Start of Block

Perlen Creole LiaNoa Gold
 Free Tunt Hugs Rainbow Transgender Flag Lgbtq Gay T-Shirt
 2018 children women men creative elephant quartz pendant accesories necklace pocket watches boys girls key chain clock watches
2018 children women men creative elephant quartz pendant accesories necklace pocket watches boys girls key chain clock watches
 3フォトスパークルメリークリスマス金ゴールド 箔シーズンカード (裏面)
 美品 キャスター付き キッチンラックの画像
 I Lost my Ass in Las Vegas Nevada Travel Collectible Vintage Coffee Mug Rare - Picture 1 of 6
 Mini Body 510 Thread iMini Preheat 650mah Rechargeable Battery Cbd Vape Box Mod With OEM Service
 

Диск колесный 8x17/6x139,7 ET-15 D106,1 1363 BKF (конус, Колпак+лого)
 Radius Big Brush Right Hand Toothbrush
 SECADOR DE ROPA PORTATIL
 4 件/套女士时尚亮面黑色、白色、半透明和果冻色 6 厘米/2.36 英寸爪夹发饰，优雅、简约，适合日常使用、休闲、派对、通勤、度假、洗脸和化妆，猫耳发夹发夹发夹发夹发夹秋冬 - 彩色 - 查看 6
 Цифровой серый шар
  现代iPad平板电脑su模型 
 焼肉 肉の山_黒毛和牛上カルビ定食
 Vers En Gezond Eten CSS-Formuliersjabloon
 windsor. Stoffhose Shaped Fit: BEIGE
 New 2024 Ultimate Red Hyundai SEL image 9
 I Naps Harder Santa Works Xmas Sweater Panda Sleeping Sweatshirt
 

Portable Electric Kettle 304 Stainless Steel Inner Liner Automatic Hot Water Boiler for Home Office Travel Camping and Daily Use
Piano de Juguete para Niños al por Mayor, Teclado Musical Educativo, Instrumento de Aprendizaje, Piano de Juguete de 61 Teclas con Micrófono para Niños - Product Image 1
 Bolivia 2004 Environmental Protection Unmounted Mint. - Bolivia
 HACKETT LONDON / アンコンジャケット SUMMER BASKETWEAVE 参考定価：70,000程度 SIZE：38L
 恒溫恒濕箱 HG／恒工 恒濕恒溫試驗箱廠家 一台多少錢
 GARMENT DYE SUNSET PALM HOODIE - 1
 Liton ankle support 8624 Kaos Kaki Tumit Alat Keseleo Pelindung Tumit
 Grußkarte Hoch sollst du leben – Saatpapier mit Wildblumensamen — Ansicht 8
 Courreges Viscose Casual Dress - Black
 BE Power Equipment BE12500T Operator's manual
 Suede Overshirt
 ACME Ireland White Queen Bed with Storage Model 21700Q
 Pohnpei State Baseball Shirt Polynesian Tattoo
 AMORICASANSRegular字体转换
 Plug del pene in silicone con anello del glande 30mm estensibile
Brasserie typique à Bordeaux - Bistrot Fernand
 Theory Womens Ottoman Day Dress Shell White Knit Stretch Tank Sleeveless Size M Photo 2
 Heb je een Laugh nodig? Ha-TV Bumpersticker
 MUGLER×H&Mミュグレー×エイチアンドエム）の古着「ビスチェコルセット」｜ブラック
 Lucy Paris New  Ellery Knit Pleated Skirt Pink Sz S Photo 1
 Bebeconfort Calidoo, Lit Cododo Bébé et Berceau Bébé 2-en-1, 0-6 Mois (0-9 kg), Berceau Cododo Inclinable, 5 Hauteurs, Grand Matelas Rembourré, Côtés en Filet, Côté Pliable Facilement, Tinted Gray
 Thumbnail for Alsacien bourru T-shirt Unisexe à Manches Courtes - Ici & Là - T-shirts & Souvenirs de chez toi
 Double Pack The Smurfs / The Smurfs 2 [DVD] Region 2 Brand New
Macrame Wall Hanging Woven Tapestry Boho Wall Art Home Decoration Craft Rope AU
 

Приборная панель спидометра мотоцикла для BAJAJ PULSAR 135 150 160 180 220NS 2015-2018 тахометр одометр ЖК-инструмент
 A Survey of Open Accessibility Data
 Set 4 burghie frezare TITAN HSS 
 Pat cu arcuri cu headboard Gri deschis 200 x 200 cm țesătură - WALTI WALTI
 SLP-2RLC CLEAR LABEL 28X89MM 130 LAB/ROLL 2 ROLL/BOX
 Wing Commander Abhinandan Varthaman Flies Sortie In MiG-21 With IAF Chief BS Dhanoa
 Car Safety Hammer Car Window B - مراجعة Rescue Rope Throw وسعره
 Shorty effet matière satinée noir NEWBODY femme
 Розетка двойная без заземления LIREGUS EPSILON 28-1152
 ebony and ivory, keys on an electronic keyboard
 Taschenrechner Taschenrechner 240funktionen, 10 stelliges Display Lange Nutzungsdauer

End of Block

◆ ACTION ITEM ◆
Take the line containing "A Survey of Open Accessibility Data" and each line after it up to the last line of the listing, and print them exactly.

◆ YOUR SOLUTION ◆
 A Survey of Open Accessibility Data
 Set 4 burghie frezare TITAN HSS 
 Pat cu arcuri cu headboard Gri deschis 200 x 200 cm țesătură - WALTI WALTI
 SLP-2RLC CLEAR LABEL 28X89MM 130 LAB/ROLL 2 ROLL/BOX
 Wing Commander Abhinandan Varthaman Flies Sortie In MiG-21 With IAF Chief BS Dhanoa
 Car Safety Hammer Car Window B - مراجعة Rescue Rope Throw وسعره
 Shorty effet matière satinée noir NEWBODY femme
 Розетка двойная без заземления LIREGUS EPSILON 28-1152
 ebony and ivory, keys on an electronic keyboard
 Taschenrechner Taschenrechner 240funktionen, 10 stelliges Display Lange Nutzungsdauer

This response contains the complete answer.